Abstract

We present two techniques for producing solutions to the minimal surface problem with Dirichlet boundary conditions in the roto-translation space realized as a sub-Riemannian manifold. One technique improves upon a level set method introduced by G. Citti and A. Sarti. The second technique treats surfaces as graphs. The graph approach is more computationally efficient, but loses some of the topological advantages of the level set approach. Both techniques produce numerical solutions of the minimal surface problem by evolving surfaces according to mean curvature. These are used as candidates for a theoretical investigation into minimal surfaces.
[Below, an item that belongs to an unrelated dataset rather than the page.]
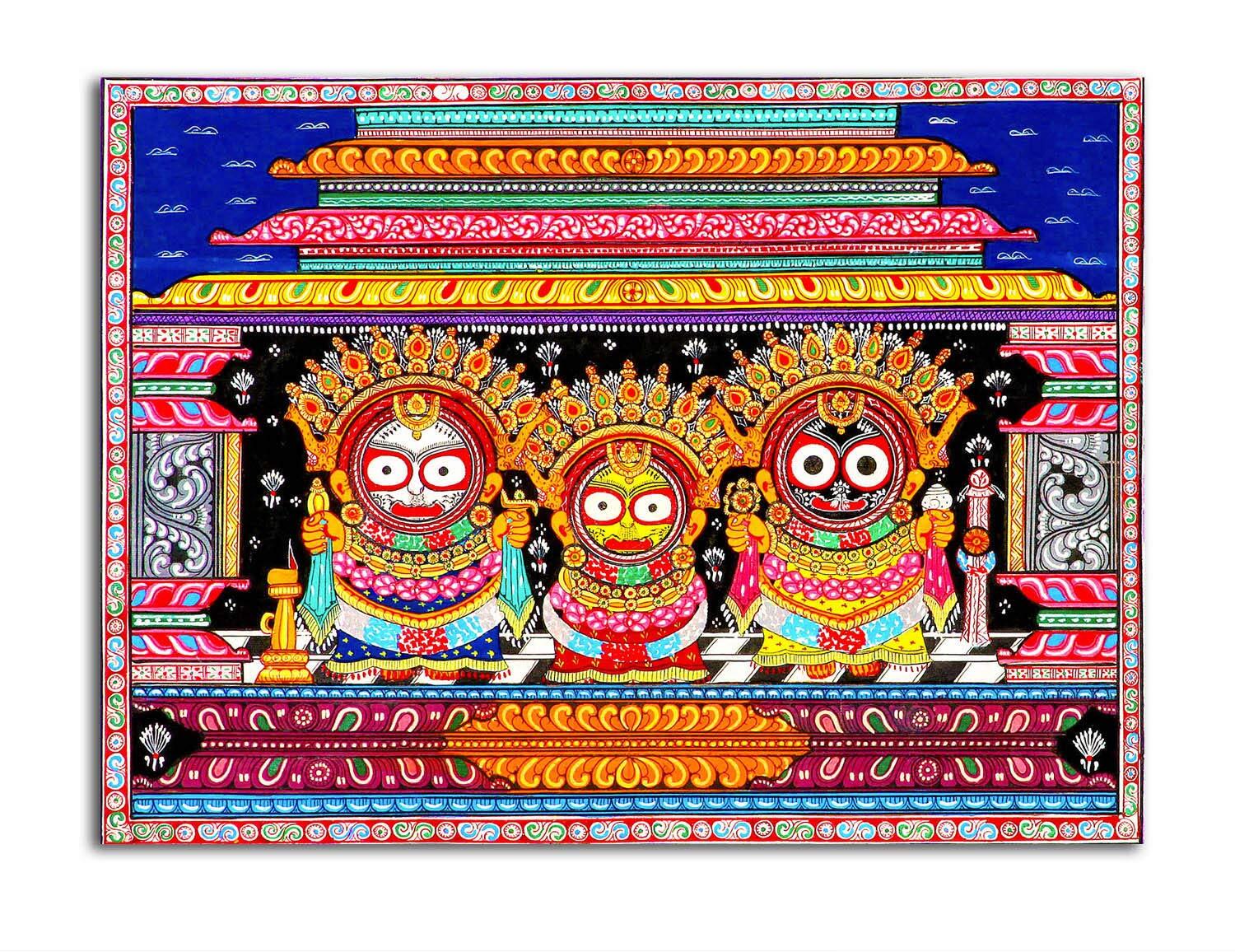 Traditional Art Canvas Painting Jai Jagannath Religious Art Unframed Painting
These surfaces are applied to a problem from neuroscience by using the model of the primary visual cortex by the roto-translation space of G. Citti and A. Sarti in which minimal spanning surfaces are used to provide image completions for incomplete visual data. We also study a discrete formulation of the minimal surface problem in the roto-translation space, produce examples of discrete solutions to this formulation, and discuss the meaning of these solutions in the visual cortex. We then study the class of surfaces in the roto-translation space which are C, sub-Riemannian minimal, and almost everywhere locally graphs over R. These surfaces are analyzed by interfacing the sub-Riemannian geometry of the roto-translation space with a study of functions which are differentiable almost everywhere on the plane. We list and compare several examples, and prove that an image of concentric circles occluded by a disc centered on the origin has an infilling using a more complex image we call the catseye. This expands the literature on global sub-Riemannian minimal surface theory into non-Carnot groups. Finally we use the model of the visual cortex by the roto-translation space to study the induced grating optical illusion. We produce a family of image completions of a sinewave image that respect the roto-translation space model. The existence of multiple image completions is suggested as a possible explanation of the induced grating effect.